What you should do >>
Verbatim copy without pictures. Please print every entry as it stands.

Segment Start: Data

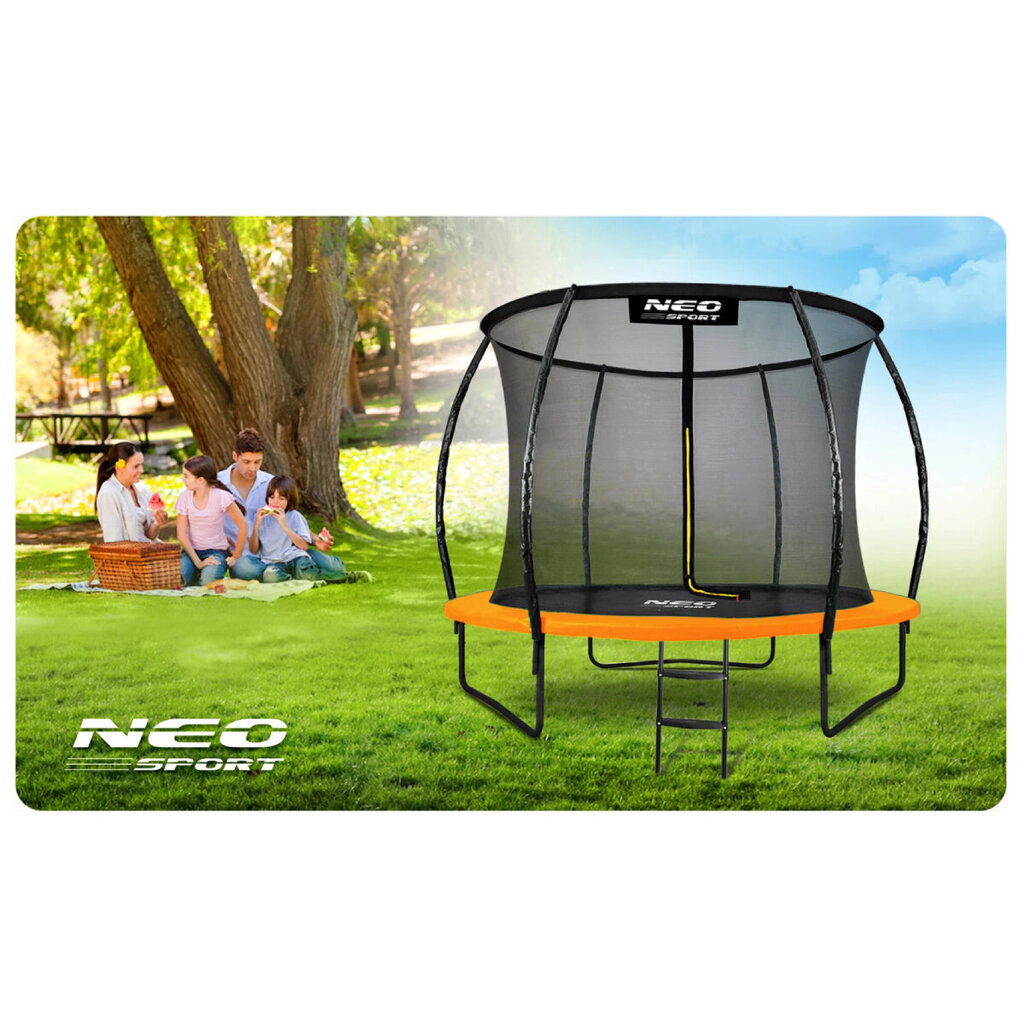 Batuts Neo-Sport (NS-10С201) melns/oranžs 312 cm (10ft) cena un informācija | Batuti | 220.lv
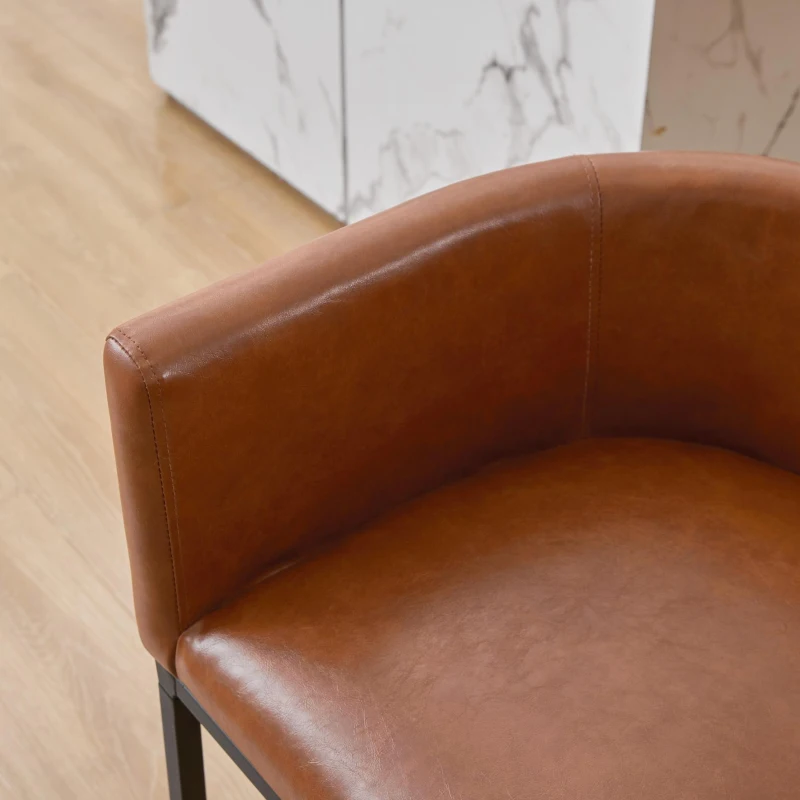 Elegant Set of 2 Counter-Height Bar Stools with PU Leather, Comfortable Kitchen Chairs with Armrests and Footrests, 22'' L x 20" W x 36" H, Brown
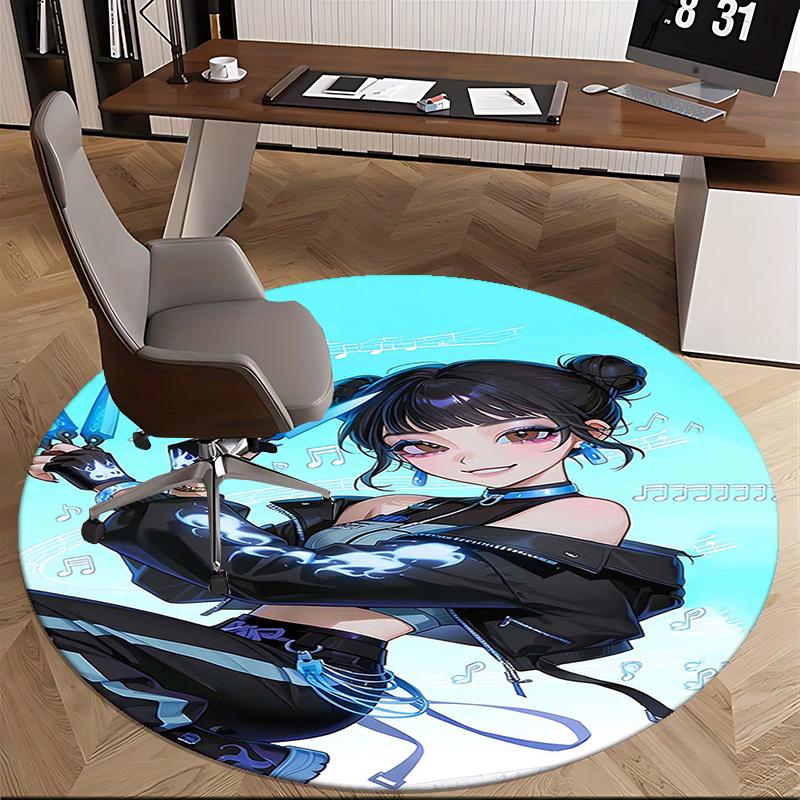1pc Anime Cartoon Design Round Carpet Office Chair Mat, NonSlip Rug for Home Decor, Living Room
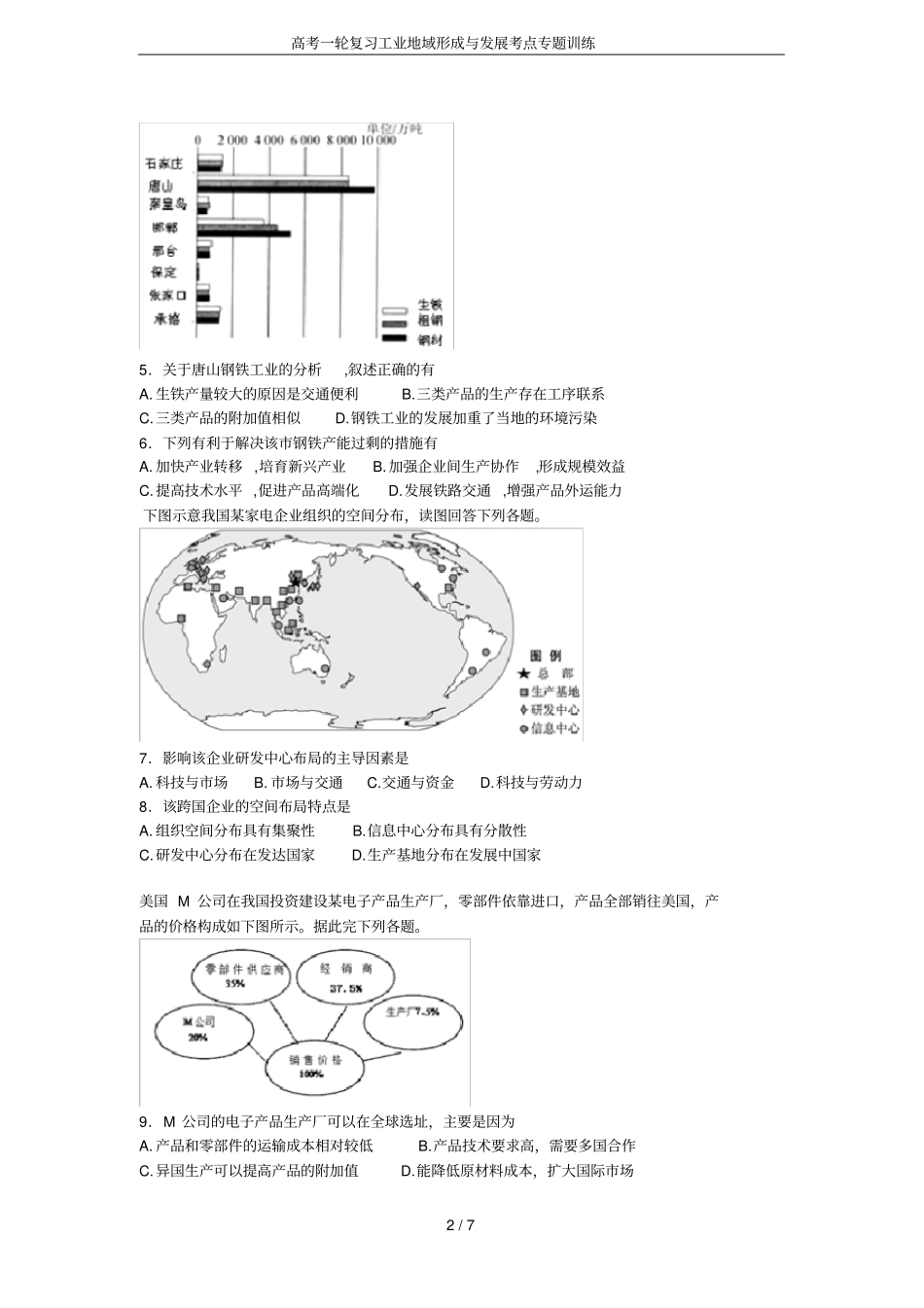 高考一轮复习工业地域形成与发展考点专题训练_第2页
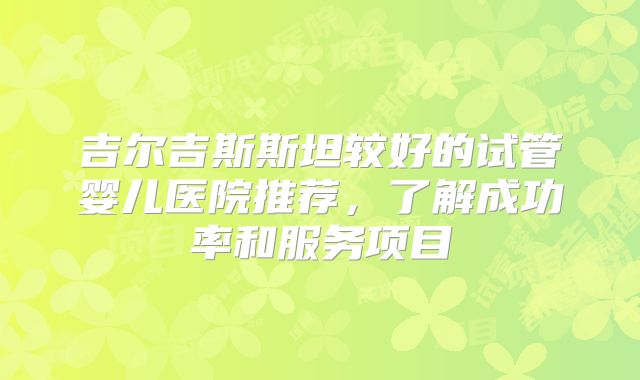 吉尔吉斯斯坦较好的试管婴儿医院推荐，了解成功率和服务项目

Segment End: Data

Response below >>
 Batuts Neo-Sport (NS-10С201) melns/oranžs 312 cm (10ft) cena un informācija | Batuti | 220.lv
 Elegant Set of 2 Counter-Height Bar Stools with PU Leather, Comfortable Kitchen Chairs with Armrests and Footrests, 22'' L x 20" W x 36" H, Brown
1pc Anime Cartoon Design Round Carpet Office Chair Mat, NonSlip Rug for Home Decor, Living Room
 高考一轮复习工业地域形成与发展考点专题训练_第2页
 吉尔吉斯斯坦较好的试管婴儿医院推荐，了解成功率和服务项目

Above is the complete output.